Open source licenses serve as a legal agreement between open source author and user: authors make OSS available for free, but with certain requirements the user must follow.

When it comes to long-term planning for your project, it’s useful to understand the open source software licenses available so that you can make an informed decision about which one best suits your project’s needs.

In this article, we will share information about rights you have when your work is created (such as copyright), and how licensing helps establish the legal agreement you want your users to abide by when using your software.

What is an Open Source License?

The simplest explanation is that an Open source license is a license for computer software and other products that allows the source code to be used, modified, or shared under defined terms and conditions.
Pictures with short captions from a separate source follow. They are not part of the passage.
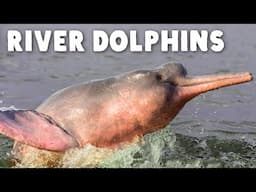 Why Do River Dolphins Look… Like That?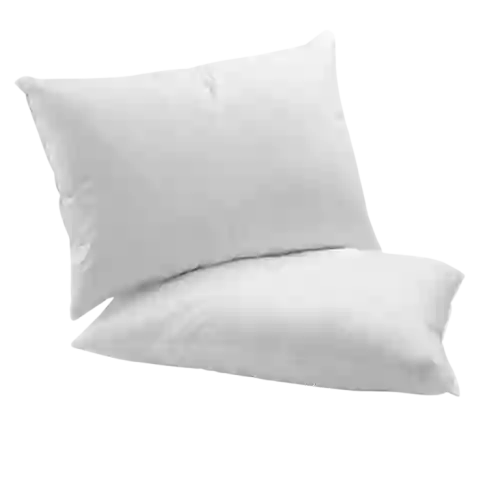 Set X2 Almohada Clasica 45x 65 Cm Semidura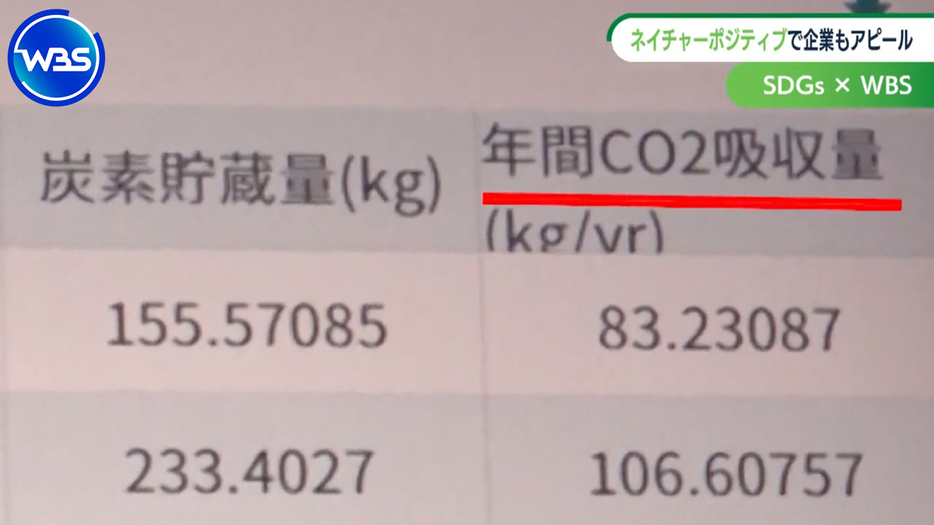 企業向けに開発した「バイオーム」のアプリでは、年間の二酸化炭素の吸収量も算出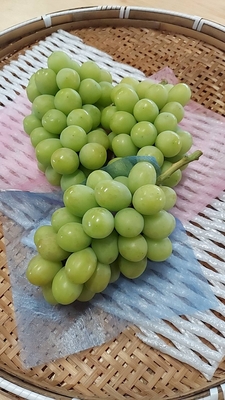 シャインマスカット（小~中）3～4房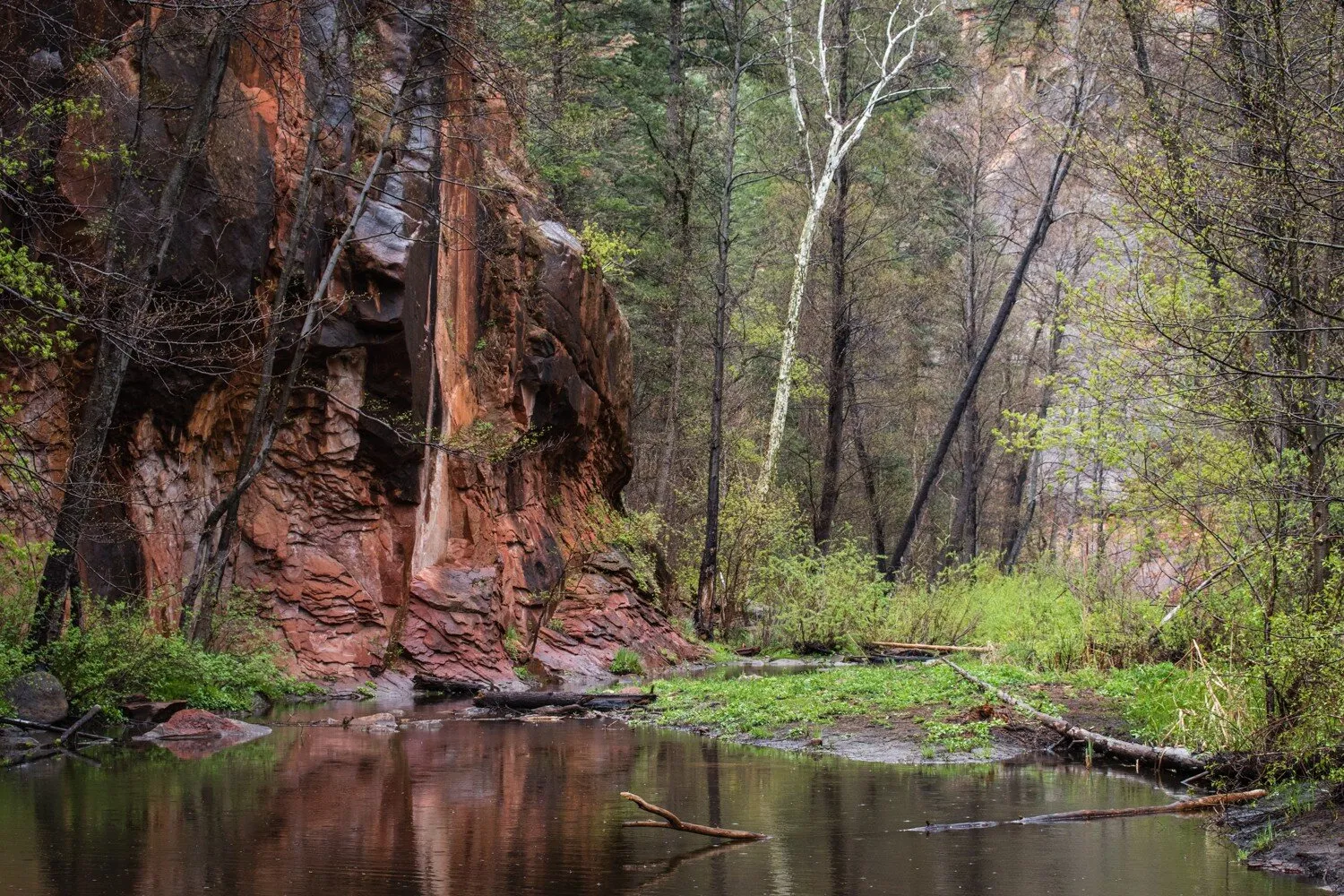 West Fork Trail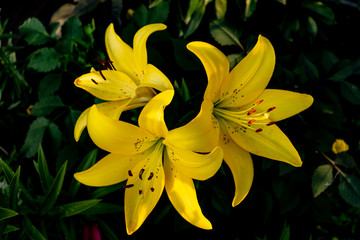 Obraz premium flower yellow Lily plants closeup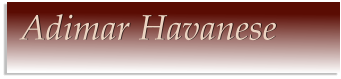 Adimar Havanese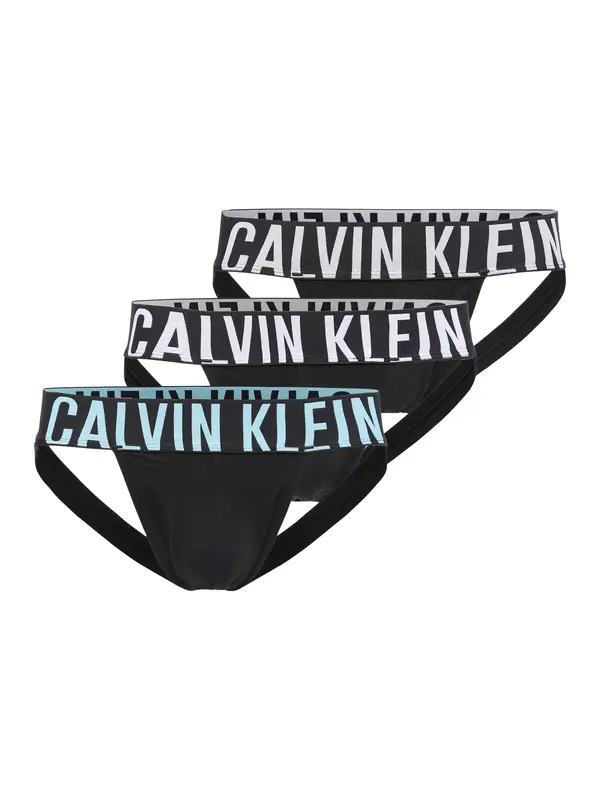 Calvin Klein Underwear Calvin Klein Underwear Spodnje hlačke 'Intense Power'  nebeško modra / svetlo siva / črna / bela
Open Source does not mean the software is available to use, copy, modify, and distribute as desired. Depending on the type of open source license, you may be allowed to modify the source code to meet your needs or fix any issues.

The license will determine the freedom you have with the software and its source code.

Software licenses have different levels of restrictiveness

Software licenses have different levels of restrictiveness

Types of Open Source Licenses

There are two main types of open source licenses: permissive and copyleft. Permissive licenses tend to have fewer restrictions on use of the licensed code than copyleft licenses.

Here’s a full breakdown.

open source license categories

Open-Source Licenses Categories

Actually, copyleft does exist, and as you can guess it is the opposite of copyright. While copyright restricts the use and distribution of a work, copyleft licenses allow that as long as the terms stated are obeyed.

Imagine you wrote a cookbook and you have the copyright to the book. This means that only you have the exclusive right to use, sell, and distribute the book. No one else can sell or distribute copies of your book without your permission.

Now, imagine that you wrote an open-source cookbook and released it under a copyleft license. This means that anyone can use, modify, and distribute the book for free, as long as they also share their modifications and any derivative works under the same copyleft license.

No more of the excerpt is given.